If the devil walked the Earth today, he'd probably be a televangelist
The Bobby Throne Saves the World booth at PAX East is adorned with free coins and pamphlets, all necessary marketing materials to help spread Bobby's important message. A boy who has approached the booth stands a less than a foot away from a large television. He's looking at Bobby, who is in the midst of preaching to his congregation. What makes Bobby different than most televangelists is that he can interact both with his live audience, and the people watching him on TV from the comfort of their own home, with the same level of intimacy. He's also a character in a virtual reality game, but we'll get to that later.
The boy, staring at Bobby and his flock on the other side of the screen, asks "Are you gay?" Bobby, not missing a beat, responds "It doesn't even matter. What matters is the Coin, and the answers it can reveal. I may be on this side of the Coin now, and you little brother may be on the other side, but remember, it's a thin wall that divides us. Through my teachings, you may someday harness the power of the Coin, flip it and reverse it. Take solace in that, my son." The boy laughs.

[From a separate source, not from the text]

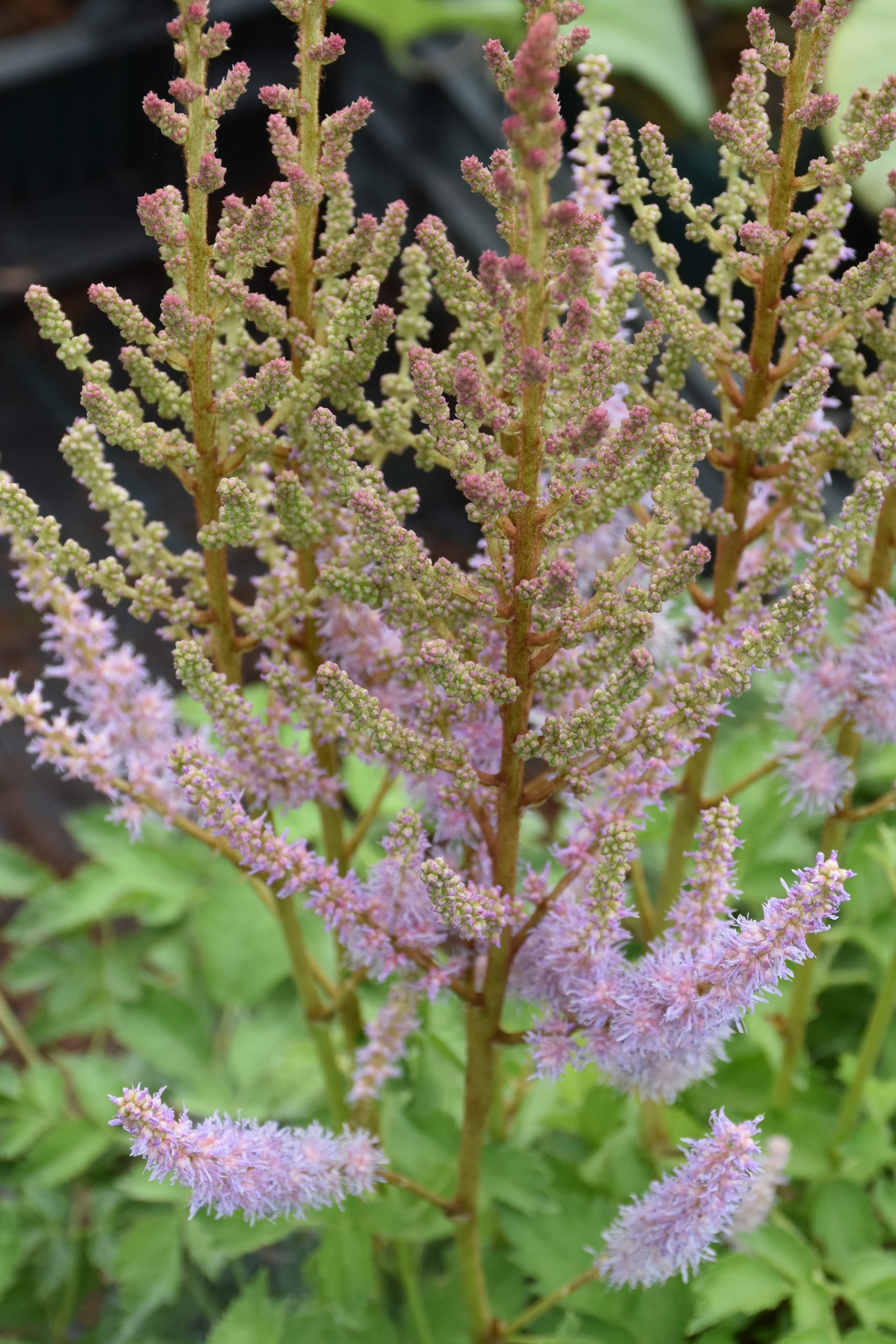 745_astilbe_chinensis_XS_003.jpeg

From where I stand, it's hard to tell who has the upper hand here, and which one is having more fun, the kid who thinks he's screwing with a virtual televangelist, or the virtual televangelist who just may have found new follower.
Bobby Throne Saves the World is a virtual reality game where you play as Bobby Throne, the leader of Bobby Throne Ministries. Playing the game is like putting on a digital puppet show. You control what Bobby says and how he moves in real time, as you view your virtual audience, and the real life audience watching you over webcam, all in first person. The goal is to gain more followers, though right now, the path to making that happen isn't 100% clear. What we do know is that the game will involve both traditional gameplay and a new kind of live audience participation that will blur the line between performance and game design.
I've long been of the opinion that most games and organized religions use similar techniques to capture people's investment. Both offer the faithful a set of rules to follow, mythologies to fit themselves into, and the promise of power and glory for following the rules properly, and maybe most importantly, big rewards for keeping the faith.
A good game developer can make you feel real feelings about unreal things happening in another reality. A good religious leader can do the same thing. Those real feelings can lead to real beliefs, and eventually, real actions. More often than not, those actions eventually involve giving the game developer or religious leader in question a lot of money. There's nothing like brand loyalty and the promise of happiness on "the other side" to get people to open their wallets.
How much Bobby Throne Saves the World will explore these ideas, and where it will draw the line between irony and sincerity, all remain to be seen. If the goal here is to draw comedic parallels between gaming, religious edutainment, Lets Play personalities, and the art of the deal, Bobby Throne's developers won't be want for material to pull from. With all the various cultivated identities and related cult-like behaviors bouncing around on the internet today, it's already easy to feel like you're in the midst of a larger scheme, where the the the roles of entertainer and a puppet master are just two sides of the same coin.